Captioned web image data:
__________________________________________________

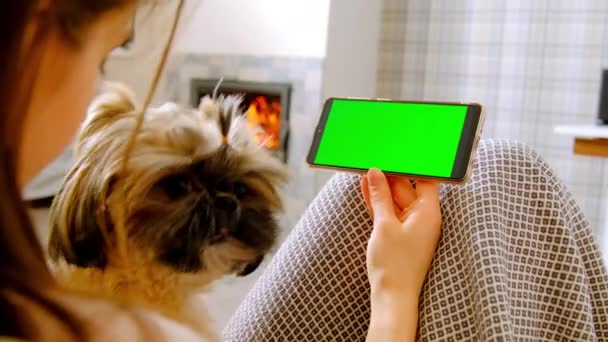 Vrouw Ontspant Bank Met Schattige Binnenlandse Hond Vriend Kijken Film — Stockvideo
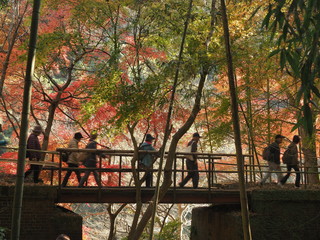 秋公開の愛岐トンネル群　見事な紅葉を眺める人々１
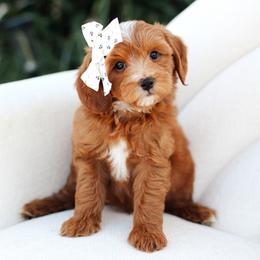 Cedar - Red  male Goldendoodle puppy in Rio Linda, California from GoldendoodlePaw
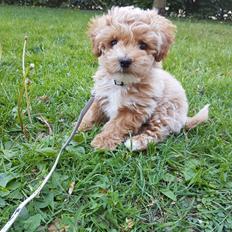 Blanding af racer Hugo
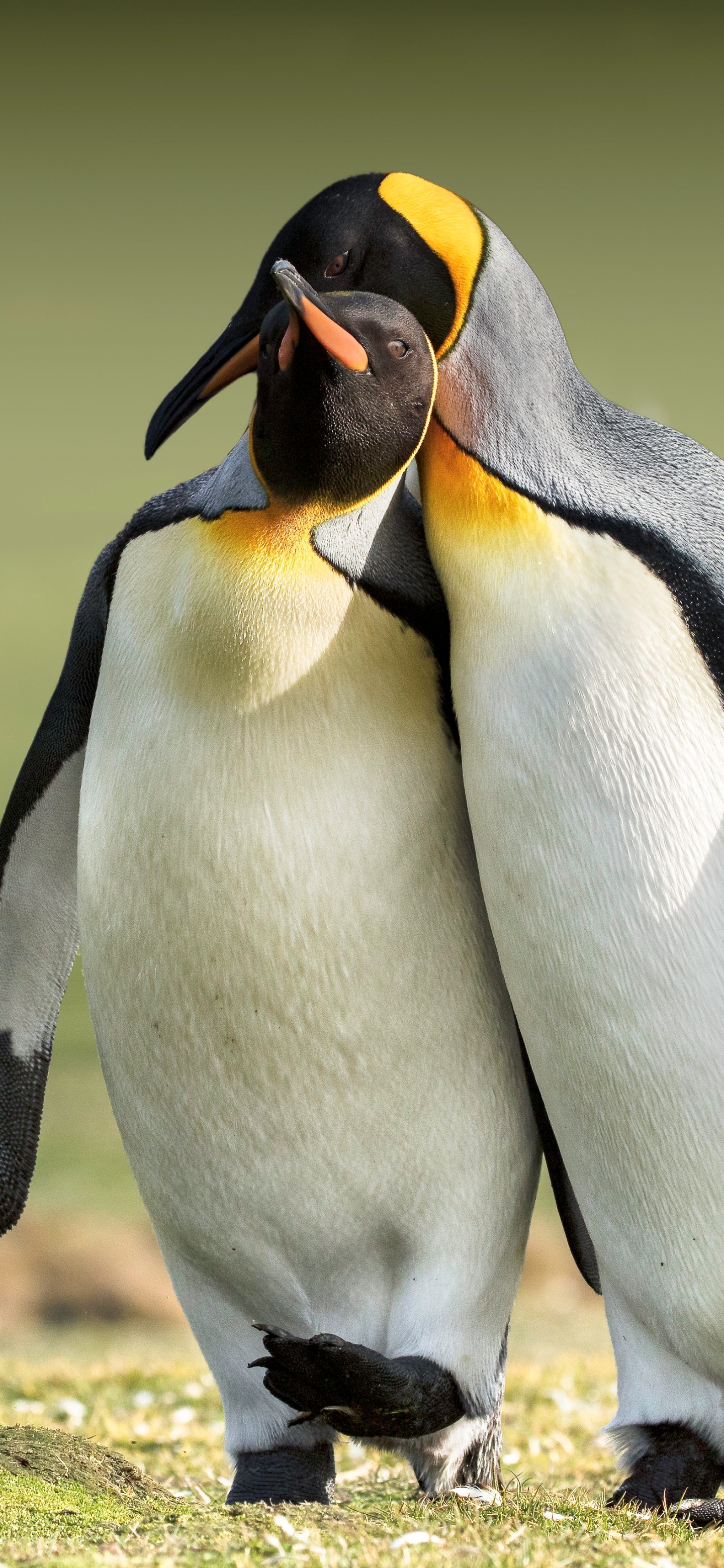 Handy-Wallpaper Tiere, Vögel, Pinguin kostenlos herunterladen.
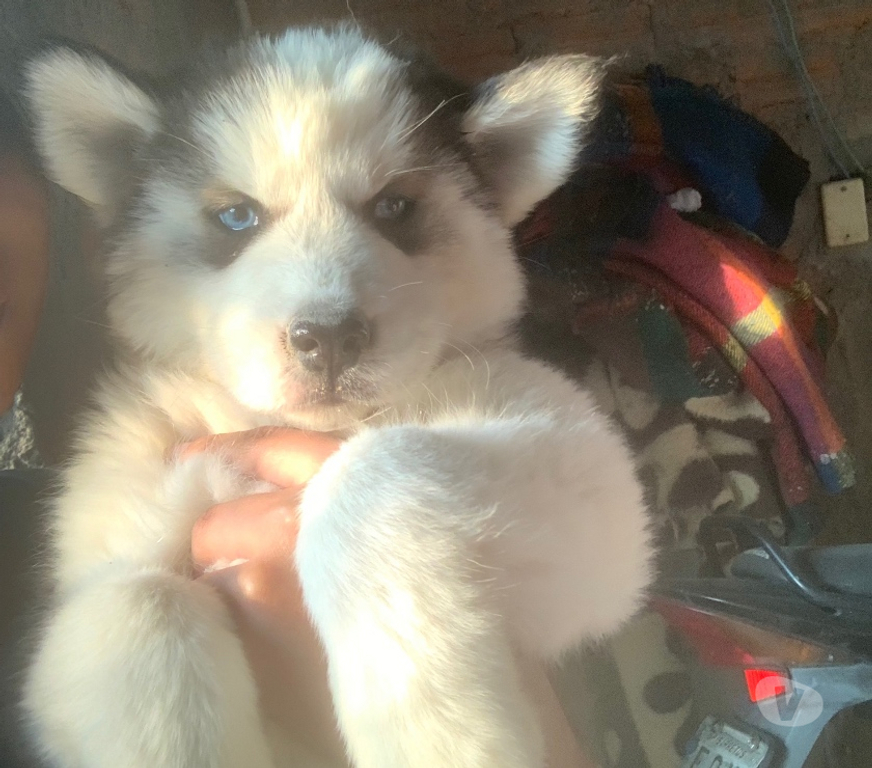 Animais Estimação à Venda Monte Alto SP - Fotos para Filhote de husky siberiano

__________________________________________________

## TASK INSTRUCTIONS
Each line above should be written out again unchanged; no images are to be carried over.

## SOLUTION FOR THIS TASK
 Vrouw Ontspant Bank Met Schattige Binnenlandse Hond Vriend Kijken Film — Stockvideo
 秋公開の愛岐トンネル群　見事な紅葉を眺める人々１
 Cedar - Red  male Goldendoodle puppy in Rio Linda, California from GoldendoodlePaw
 Blanding af racer Hugo
 Handy-Wallpaper Tiere, Vögel, Pinguin kostenlos herunterladen.
 Animais Estimação à Venda Monte Alto SP - Fotos para Filhote de husky siberiano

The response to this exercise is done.